▶ _WHAT YOU WILL DO_
Write every line below out again exactly, images omitted.

▶ _RAW DATA_
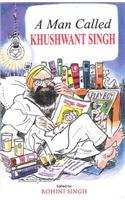 A Man Called Khushwant Singh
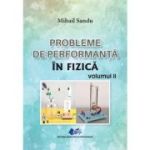 Probleme de performanta in fizica Volumul 2 - Mihail Sandu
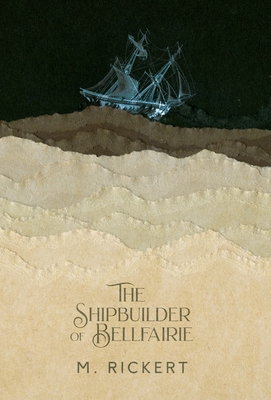 The Shipbuilder of Bellfairie - Rickert, M
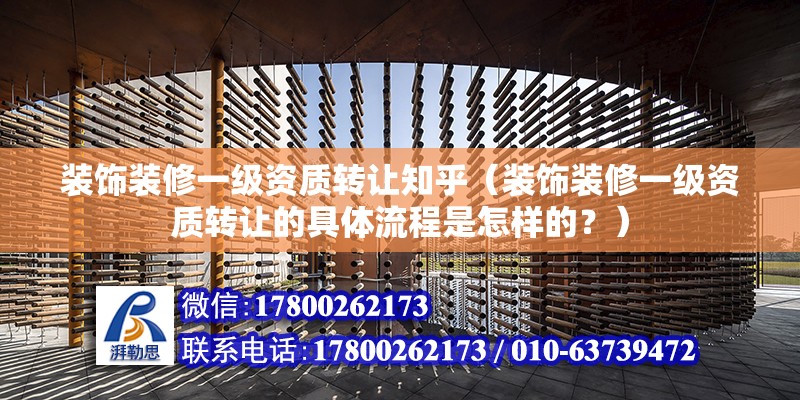 装饰装修一级资质转让知乎（装饰装修一级资质转让的具体流程是怎样的？） 北京钢结构设计问答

▶ _EXPECTED OUTPUT_
 A Man Called Khushwant Singh
 Probleme de performanta in fizica Volumul 2 - Mihail Sandu
 The Shipbuilder of Bellfairie - Rickert, M
 装饰装修一级资质转让知乎（装饰装修一级资质转让的具体流程是怎样的？） 北京钢结构设计问答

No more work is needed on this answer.